Scaloni aposta em núcleo veterano para a defesa do título da Argentina em 2026

Lionel Scaloni prioriza estabilidade e experiência enquanto os atuais campeões mundiais se preparam para defender sua coroa na América do Norte com um elenco familiar.

Estabilidade em vez de revolução para a Albiceleste

À medida que a estrada para a Copa do Mundo de 2026 se intensifica, o técnico da Argentina, Lionel Scaloni, sinalizou uma preferência clara pelo pessoal que alcançou a glória em Lusail. Em vez de reformular sua equipe para integrar uma nova geração, a comissão técnica está reforçando a aposta no coletivo veterano que encerrou a espera de 36 anos do país por um título mundial. Esta estratégia sugere que os atuais campeões acreditam que o seu equilíbrio químico atual é suficiente para lidar com as exigências logísticas e competitivas do próximo torneio nos Estados Unidos, México e Canadá.
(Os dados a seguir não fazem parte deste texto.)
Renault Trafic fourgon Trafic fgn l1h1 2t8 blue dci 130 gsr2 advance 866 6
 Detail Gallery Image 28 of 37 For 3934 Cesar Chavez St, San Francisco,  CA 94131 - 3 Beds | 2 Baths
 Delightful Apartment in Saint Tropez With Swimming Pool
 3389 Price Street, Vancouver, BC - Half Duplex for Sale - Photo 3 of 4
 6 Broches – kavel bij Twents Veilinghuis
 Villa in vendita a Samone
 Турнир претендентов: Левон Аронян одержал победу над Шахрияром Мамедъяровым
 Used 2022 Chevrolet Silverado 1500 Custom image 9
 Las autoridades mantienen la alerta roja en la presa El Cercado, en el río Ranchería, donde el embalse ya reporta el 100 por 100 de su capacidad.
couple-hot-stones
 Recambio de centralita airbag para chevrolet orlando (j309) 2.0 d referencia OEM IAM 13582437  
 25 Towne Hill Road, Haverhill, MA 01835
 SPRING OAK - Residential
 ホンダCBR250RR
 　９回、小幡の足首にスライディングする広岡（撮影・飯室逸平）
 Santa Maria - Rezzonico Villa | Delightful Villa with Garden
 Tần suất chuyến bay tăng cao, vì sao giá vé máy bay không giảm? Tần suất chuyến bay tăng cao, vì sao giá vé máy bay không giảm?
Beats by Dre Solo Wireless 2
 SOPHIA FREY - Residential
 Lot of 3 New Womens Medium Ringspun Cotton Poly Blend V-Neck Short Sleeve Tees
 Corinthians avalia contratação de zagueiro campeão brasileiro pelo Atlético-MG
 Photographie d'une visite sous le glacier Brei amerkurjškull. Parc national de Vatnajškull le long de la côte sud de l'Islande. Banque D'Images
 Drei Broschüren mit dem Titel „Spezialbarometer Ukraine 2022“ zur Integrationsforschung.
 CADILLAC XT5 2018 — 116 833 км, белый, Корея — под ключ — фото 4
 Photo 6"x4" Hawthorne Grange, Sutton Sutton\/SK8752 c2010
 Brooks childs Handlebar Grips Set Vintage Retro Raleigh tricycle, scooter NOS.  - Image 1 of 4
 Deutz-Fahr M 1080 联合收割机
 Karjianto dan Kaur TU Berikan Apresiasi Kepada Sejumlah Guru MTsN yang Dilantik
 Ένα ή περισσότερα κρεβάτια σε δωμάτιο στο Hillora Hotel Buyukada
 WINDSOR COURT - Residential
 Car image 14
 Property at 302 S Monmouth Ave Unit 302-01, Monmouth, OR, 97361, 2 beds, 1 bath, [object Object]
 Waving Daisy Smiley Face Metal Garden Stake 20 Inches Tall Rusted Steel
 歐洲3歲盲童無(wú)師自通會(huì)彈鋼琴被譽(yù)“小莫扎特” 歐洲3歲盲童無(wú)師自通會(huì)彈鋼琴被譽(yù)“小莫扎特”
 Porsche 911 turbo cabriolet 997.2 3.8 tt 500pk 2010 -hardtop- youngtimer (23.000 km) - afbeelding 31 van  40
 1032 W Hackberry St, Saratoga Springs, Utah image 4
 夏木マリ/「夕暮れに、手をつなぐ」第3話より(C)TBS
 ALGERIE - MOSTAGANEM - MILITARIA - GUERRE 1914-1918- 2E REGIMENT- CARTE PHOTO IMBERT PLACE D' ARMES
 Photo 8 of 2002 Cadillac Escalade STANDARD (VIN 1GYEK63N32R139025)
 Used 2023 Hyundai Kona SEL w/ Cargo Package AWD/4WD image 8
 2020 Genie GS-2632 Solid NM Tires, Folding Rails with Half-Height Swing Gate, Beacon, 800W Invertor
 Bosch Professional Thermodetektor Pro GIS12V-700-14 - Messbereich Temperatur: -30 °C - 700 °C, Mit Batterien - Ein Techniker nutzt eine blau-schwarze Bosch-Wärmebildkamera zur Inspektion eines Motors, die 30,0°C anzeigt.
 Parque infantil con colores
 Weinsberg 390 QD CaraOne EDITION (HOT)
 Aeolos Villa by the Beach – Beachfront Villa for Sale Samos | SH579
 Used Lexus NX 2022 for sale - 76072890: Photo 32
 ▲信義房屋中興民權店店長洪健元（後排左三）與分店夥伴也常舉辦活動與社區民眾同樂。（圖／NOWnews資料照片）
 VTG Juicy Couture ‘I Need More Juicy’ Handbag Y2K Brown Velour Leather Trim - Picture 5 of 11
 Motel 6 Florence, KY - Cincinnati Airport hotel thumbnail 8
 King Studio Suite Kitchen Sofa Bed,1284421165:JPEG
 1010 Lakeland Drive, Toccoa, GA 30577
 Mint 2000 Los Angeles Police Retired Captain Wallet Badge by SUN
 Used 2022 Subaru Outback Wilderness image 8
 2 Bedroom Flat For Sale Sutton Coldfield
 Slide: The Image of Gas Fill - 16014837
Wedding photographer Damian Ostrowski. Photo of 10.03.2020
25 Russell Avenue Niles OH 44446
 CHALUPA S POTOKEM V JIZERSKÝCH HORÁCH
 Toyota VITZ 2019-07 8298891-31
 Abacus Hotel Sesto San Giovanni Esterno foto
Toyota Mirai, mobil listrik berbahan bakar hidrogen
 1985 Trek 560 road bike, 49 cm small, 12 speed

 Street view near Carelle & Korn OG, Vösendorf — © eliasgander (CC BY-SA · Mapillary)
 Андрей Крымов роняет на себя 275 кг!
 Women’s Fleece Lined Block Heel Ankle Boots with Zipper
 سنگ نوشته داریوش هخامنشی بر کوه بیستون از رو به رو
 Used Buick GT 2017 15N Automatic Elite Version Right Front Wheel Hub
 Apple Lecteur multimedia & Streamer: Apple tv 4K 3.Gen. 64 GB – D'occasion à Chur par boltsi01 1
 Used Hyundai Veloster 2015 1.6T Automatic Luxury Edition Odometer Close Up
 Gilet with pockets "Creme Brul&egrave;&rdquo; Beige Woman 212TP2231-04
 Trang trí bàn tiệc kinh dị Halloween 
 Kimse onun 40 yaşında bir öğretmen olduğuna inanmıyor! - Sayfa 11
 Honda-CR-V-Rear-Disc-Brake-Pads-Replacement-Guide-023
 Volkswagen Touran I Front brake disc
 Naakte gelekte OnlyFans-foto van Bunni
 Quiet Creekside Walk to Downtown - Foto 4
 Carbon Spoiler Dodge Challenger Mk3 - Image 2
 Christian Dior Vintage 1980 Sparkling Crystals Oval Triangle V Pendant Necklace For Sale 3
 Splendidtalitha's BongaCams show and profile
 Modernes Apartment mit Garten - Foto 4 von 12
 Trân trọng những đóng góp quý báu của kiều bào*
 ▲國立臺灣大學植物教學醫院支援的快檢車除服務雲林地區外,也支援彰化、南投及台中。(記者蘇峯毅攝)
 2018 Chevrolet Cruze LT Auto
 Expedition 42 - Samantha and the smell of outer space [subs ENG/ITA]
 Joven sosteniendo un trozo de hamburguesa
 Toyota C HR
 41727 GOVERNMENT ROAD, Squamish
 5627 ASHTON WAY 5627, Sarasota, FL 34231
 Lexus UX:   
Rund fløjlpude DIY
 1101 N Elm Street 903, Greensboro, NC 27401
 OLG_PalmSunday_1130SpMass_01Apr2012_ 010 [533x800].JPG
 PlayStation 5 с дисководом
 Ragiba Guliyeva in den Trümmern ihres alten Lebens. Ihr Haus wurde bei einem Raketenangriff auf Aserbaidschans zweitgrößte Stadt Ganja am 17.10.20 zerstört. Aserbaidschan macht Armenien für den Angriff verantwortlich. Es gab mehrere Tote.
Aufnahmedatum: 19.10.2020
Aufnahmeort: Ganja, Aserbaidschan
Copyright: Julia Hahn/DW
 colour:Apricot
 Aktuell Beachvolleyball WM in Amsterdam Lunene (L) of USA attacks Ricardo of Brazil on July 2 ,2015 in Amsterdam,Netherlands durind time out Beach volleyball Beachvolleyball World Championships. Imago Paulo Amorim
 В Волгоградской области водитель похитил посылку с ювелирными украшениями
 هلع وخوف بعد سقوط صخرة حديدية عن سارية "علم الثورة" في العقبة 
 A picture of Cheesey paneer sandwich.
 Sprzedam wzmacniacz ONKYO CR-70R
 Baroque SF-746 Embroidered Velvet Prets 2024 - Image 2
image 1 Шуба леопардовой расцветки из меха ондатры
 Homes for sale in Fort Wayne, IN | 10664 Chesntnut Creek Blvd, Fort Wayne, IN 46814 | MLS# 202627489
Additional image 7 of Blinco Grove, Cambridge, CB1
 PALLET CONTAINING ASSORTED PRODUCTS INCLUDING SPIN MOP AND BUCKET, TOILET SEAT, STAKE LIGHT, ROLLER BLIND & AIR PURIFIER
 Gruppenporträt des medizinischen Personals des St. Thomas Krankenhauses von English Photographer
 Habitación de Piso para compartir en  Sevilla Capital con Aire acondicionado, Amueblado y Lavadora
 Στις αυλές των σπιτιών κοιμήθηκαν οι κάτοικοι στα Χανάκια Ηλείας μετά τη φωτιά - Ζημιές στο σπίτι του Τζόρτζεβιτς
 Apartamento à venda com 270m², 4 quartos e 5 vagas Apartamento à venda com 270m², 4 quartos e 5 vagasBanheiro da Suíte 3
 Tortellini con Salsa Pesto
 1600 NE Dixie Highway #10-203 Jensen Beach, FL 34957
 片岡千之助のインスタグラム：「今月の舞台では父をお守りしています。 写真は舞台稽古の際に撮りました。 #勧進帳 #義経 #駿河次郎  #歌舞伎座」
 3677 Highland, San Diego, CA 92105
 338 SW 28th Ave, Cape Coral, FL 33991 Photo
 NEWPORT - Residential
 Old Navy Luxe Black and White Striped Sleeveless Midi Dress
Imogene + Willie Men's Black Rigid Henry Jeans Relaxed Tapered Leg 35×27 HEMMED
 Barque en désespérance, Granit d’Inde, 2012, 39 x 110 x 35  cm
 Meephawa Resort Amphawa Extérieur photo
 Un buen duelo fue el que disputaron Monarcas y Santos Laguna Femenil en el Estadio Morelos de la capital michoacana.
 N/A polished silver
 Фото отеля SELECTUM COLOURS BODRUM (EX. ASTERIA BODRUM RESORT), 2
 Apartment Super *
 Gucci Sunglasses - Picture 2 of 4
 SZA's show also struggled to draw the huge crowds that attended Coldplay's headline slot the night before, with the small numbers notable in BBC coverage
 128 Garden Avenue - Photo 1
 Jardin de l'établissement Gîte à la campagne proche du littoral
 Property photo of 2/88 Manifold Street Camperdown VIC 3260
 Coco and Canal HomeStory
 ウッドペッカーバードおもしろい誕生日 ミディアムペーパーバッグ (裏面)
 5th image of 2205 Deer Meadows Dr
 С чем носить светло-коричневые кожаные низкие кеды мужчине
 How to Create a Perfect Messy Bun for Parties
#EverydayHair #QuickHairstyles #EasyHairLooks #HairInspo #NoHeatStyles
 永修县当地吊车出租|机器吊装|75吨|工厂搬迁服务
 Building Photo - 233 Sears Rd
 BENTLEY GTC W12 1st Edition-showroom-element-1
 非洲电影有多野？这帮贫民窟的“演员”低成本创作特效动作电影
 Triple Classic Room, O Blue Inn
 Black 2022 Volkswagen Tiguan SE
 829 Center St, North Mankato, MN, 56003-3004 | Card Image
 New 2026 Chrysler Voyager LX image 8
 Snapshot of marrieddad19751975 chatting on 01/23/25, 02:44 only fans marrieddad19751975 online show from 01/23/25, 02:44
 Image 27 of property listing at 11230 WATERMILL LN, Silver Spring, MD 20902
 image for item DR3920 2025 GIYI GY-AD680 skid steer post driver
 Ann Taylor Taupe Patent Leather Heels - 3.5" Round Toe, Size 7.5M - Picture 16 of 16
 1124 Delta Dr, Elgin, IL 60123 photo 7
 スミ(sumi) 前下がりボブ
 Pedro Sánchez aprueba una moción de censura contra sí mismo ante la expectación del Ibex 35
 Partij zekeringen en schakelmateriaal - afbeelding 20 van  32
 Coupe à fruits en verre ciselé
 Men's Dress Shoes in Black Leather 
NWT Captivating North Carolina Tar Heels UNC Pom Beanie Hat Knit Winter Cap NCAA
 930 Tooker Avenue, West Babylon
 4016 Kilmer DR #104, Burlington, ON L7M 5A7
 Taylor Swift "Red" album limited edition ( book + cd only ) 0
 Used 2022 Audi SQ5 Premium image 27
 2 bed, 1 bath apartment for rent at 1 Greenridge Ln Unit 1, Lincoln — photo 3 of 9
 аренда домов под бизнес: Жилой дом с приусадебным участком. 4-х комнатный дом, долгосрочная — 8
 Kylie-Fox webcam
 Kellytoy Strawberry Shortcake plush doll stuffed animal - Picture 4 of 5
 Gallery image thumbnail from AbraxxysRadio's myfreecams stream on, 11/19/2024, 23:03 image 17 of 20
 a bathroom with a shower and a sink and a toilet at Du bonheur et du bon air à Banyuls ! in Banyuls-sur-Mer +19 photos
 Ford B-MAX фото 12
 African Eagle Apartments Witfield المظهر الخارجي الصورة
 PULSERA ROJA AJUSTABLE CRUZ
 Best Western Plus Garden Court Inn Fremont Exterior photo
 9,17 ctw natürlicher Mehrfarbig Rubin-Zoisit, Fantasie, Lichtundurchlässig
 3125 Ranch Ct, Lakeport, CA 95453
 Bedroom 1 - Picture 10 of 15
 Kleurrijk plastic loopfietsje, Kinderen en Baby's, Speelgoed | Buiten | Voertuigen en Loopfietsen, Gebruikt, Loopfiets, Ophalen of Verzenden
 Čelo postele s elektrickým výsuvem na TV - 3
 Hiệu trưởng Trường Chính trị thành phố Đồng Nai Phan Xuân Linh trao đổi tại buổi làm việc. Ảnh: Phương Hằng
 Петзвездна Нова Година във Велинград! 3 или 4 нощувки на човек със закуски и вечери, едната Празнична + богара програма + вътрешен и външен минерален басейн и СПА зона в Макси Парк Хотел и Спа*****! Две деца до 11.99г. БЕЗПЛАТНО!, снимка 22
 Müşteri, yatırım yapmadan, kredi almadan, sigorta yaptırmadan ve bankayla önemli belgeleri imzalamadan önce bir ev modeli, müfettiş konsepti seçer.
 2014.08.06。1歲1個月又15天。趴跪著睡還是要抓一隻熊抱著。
A influência duradoura de Lionel Messi

No coração deste plano de continuidade está Lionel Messi. Embora muitos esperassem que o torneio de 2022 fosse o seu ato final no cenário global, a sua presença continua a ser a pedra angular da estrutura tática de Scaloni. O papel do capitão para 2026 está evoluindo para o de um farol experiente, guiando um grupo de jogadores que já provaram que conseguem lidar com a pressão mais alta imaginável. Ao manter o mesmo núcleo em torno do seu lendário número 10, a Argentina visa evitar o atrito frequentemente causado pela transição de elenco.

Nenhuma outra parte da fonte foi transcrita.